■ Records for the task
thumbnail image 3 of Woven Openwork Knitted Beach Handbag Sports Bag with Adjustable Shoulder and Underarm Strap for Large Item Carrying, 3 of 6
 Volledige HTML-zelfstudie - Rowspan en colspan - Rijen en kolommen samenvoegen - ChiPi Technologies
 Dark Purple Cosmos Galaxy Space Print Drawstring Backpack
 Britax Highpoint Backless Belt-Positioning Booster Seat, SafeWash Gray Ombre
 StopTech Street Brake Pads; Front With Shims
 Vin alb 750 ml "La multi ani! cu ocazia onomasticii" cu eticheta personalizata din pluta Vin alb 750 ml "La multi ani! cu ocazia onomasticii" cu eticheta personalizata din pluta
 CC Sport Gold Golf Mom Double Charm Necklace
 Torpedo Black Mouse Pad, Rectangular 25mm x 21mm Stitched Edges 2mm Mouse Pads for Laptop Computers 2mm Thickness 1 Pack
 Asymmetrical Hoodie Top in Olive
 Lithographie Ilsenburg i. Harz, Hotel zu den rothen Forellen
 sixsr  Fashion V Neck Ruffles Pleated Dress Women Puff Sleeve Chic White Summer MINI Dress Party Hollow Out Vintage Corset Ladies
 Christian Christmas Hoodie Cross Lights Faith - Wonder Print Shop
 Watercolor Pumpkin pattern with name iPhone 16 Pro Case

■ Task statement
Filter the data for the string "Pads" and copy every line that has it.

■ Response for this exercise
 StopTech Street Brake Pads; Front With Shims
 Torpedo Black Mouse Pad, Rectangular 25mm x 21mm Stitched Edges 2mm Mouse Pads for Laptop Computers 2mm Thickness 1 Pack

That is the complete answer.